The natural red colour of the veins in the stone would provide a visual reference to Christ's self sacrifice and thus act as an integral part of the function and the message of the object. These objects are almost always displayed as jewels and may have been worn as pendants (Enkolpia) which hung on the chest and bore an image close to the heart, or used to decorate book covers where they would help glorify the word of God. Early Byzantine gems continued the Roman tradition of apotropaism and were used as medical or protective amulets, a use which gradually developed towards the Christian concept of an appeal, usually to Christ or the Virgin for assistance and protection. The present cameo, depicting the Virgin raising her arms in prayer to intercede for the wearer or owner is entirely consistent with this use.
Cameos and related portable sculptures were instrumental in carrying Byzantine style to the West; in Venice, for example, Byzantine gems were copied in glass paste, as early as the twelfth century and many of the most popular Byzantine objects were transmitted on to objects and larger monuments made in Italy and elsewhere in the West. There were many different ways of showing Christ and the Virgin in the Byzantine East, but these different types usually adhered to conventions laid down in their original model: Thus the Virgin is most often shown as a Theotokos Hodegetria, Virgin Orans or the Virgin Blachernitissa so-called because the original image of this type was housed in the Blachernai monastery in Constantinople.
The definition of the Blachernitissia type is a complex issue. The bust of the praying Virgin occurrs on coins issued by Constantine IX, Theodora and Michael VI between 1055 and 1057 on which the iconographic type is identified by an accompanying inscription. However, it is not clear whether these images derive from the main icon of the church, from one of the many other icons of the church, or even from the mosaic decoration of the church apse. An Orans Virgin with the bust of Christ Emmanuel in a medallion before her chest which occurs on an 11th century seal is labelled as a Blachernitissia although in other instances it is labelled an Episkepsis.
The Virgin occupied a particularly special place in Byzantine religious life and art. Following the Council of Ephesus in 431 when she was confirmed in her title of Theotokos (literally - she who gave birth to God) her status in the Church was assured and the way was opened for development of her role in the liturgical, doctrinal and artistic life of Christians. This soon took effect in Constantinople where in the reign of Emperor Leo I (457-474) and his wife Verina the robe or veil of the Virgin was brought from to the city and deposited in a reliquary in a church that was dedicated to the Virgin, probably the church of Blachernai. Once home to the relics of the Virgin the city began to produce its own images of her. One such image was the fifth century icon of Blachernai which may have established the type from which the current cameo derives.
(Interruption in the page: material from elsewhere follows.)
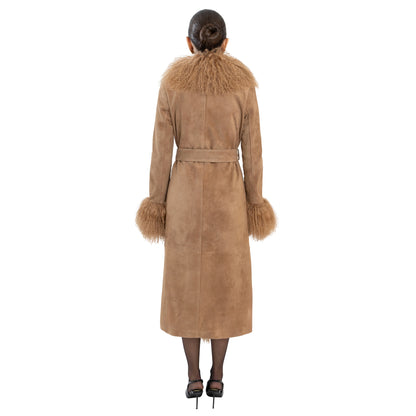 Inez Suede Shearling Maxi Coat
The icon was paraded around the battlements during the siege of the city by the Avars and the Persians in 626 an event indicative of the Virgin's role as protectoress.
The Crucifixion with the Virgin and St John
Constantinople, c. 900
Jasper cameo pendant, 6 x 7.5 cm
Carved jasper relief, the figures carved in quite high relief, with full forms. Christ is shown wearing an ample loin cloth, his feet nailed separately to a suppedaneum. To his right stands the Virgin Mary, raising her right arm, covered by her mantle, towards Christ. To his left stands John the Evangelist holding a roll in his left hand. Above are representations of the Sun and the Moon.